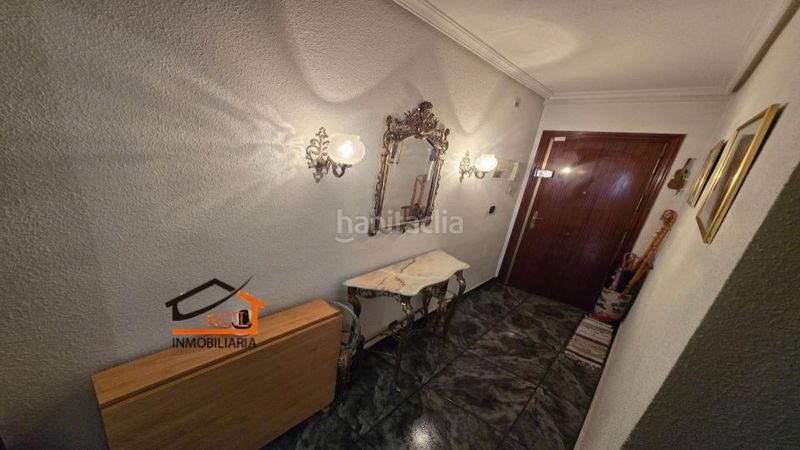 Foto aa1f0365-fa6c-4777-870a-f79a080351bc. Piso en Los Cármenes Madrid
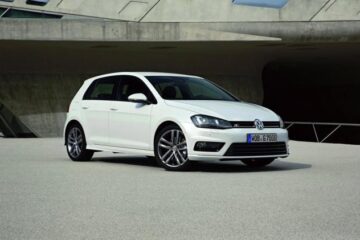 Volkswagen Golf VII dispune de pachetul sport R-Line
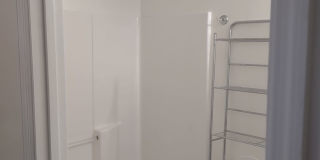 Adorable Two Bedroom Home in Edgewood! Gallery 21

-------------------------

In your reply, every line of the material should appear exactly as written, and no picture should.

SOLVED PROBLEM —
 Foto aa1f0365-fa6c-4777-870a-f79a080351bc. Piso en Los Cármenes Madrid
 Volkswagen Golf VII dispune de pachetul sport R-Line
 Adorable Two Bedroom Home in Edgewood! Gallery 21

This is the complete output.